The unthinkable has happened. The United States will miss the 2018 World Cup.

Needing just a point at Trinidad and Tobago – or even a slice of luck in Panama or Honduras – the U.S. fell behind 2-0 in the first half and watched a nightmare unfold.

Honduras came from 2-1 down to beat Mexico 3-2. Panama came back from 1-0 down to draw level with Costa Rica, and then, in an instant, fired themselves into their first ever World Cup with an 88th minute goal from center back Roman Torres.

That was it. For the first time since 1986, the U.S. will miss the world’s greatest sporting event. The party will go on without them. But for soccer in this country, time has stopped.

Failure to qualify for the World Cup is cataclysmic. The result – a bloodbath unlike anything U.S. Soccer has ever seen – is forthcoming.

Bruce Arena will be gone. The international careers of a cadre of U.S. legends – Dempsey, Howard, and Beasley – will be over. Sunil Gulati, the boss for more than a decade, might not survive either.

His favorite son, Jurgen Klinsmann, lost the team to start the Hex and put the U.S. in a hole. His handpicked replacement, Arena, never quite figured out the fix.

Arena had a particularly bad night. His decision to name an unchanged team from the win over Panama on Friday backfired. The U.S. was painfully sluggish to start, and paid dearly.

Squad selection – and Omar Gonzalez over Geoff Cameron was a disaster – was one thing. More than that, though, the team didn’t come out with any kind of desire. The effort in the first half was anemic. Whether that was pressure or a lack thereof speaking, we don’t know. Not that it matters much.

This team’s failure went beyond its managers. This was one of the most talented groups of players the U.S. has ever had. It featured a transcendent player in Christian Pulisic, but it also was also stacked with World Cup veterans and emerging talent.

Those players didn’t get the job done. Trinidad came into Tuesday night 1-8 in the Hex, losers of six straight. They had nothing to play for. They barely had anyone to play in front of.

As far as qualifying closeout games go, this was a gift. The U.S. blew it.

All told, the U.S. took just three points from their five away games. They lost more Hex qualifiers than they won. They finished behind two teams – Panama and Honduras – who they beat by a combined score of 10-0 in home qualifiers.

SEE MORE: Blame Sunil Gulati for USA’s failure, not the players nor Bruce Arena

In the end, they let themselves down. Qualifying for the World Cup is no country’s divine province, and the U.S. – under the direction of two drastically different coaches, across nearly a full year – weren’t consistent or tenacious enough.

That stings. No matter what kind of shape they’d been in over the last several decades, the U.S. had always been reliable. They’d have their good and bad moments, but they could be counted on when the chips were down in CONCACAF. Not anymore.

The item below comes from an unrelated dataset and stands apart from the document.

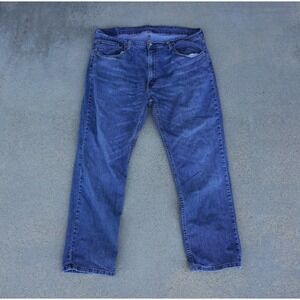 Levi's 559 Jeans Relaxed Straight Fit Mens 38 X 30 Blue Denim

It is, of course, a different story today if we have video review and Gabriel Torres’ phantom goal for Panama isn’t given. It’s a different story if Clint Dempsey’s shot hits the other side of the post, or Benny Feilhaber’s header sneaks in.

But you don’t always get lucky, and the game has a funny sense of justice. After knocking Panama out in 2013, Panama tonight returned the favor. After the U.S. saved Mexico in 2013, Mexico tonight in Honduras did not.

Gonzalez said post-game that his own goal “will haunt [him] forever.” Jozy Altidore couldn’t speak above a whisper. Those players will never get over this. Never. It will be with them, no matter what, for the rest of their lives.

For everyone else, the enormity of a missed World Cup – in dollars and eyeballs and experiences – will reverberate in the coming days.

Pulisic, perhaps the only American player above reproach on Tuesday night and throughout qualifying, will have to wait for his bow on the world’s biggest stage. Some of these players, the McCartys, the Villafañas, will never get theirs.

Whether or not the team deserved to qualify, that’s heartbreaking. The World Cup is a universal touchstone in world soccer. Without it, a page from the story of countless careers will be missing.

The wind has been strongly at the back of soccer in the United States since Paul Caligiuri’s Shot Heard Round The World – also in Trinidad, also on the final day of qualifying – nearly thirty years ago.

There have been squabbles and missteps, but progress has been steady. The game has grown immeasurably, with the national team, every fourth summer, rousing the nation and leading the way.

That progress has been broken now. Not dismantled, by any means, but broken. In the long run, that might be a good thing. It might not. We’ll be sorting the repercussions from this failure out for years to come.

In the short run, though, it is nothing but agony. For the players, the coaches, and everyone who has ever banged the drum for the game in this country, it is boundless devastation.

The next World Cup the United States will have a chance to participate in will be hosted by Qatar in 2022. It feels a lifetime away.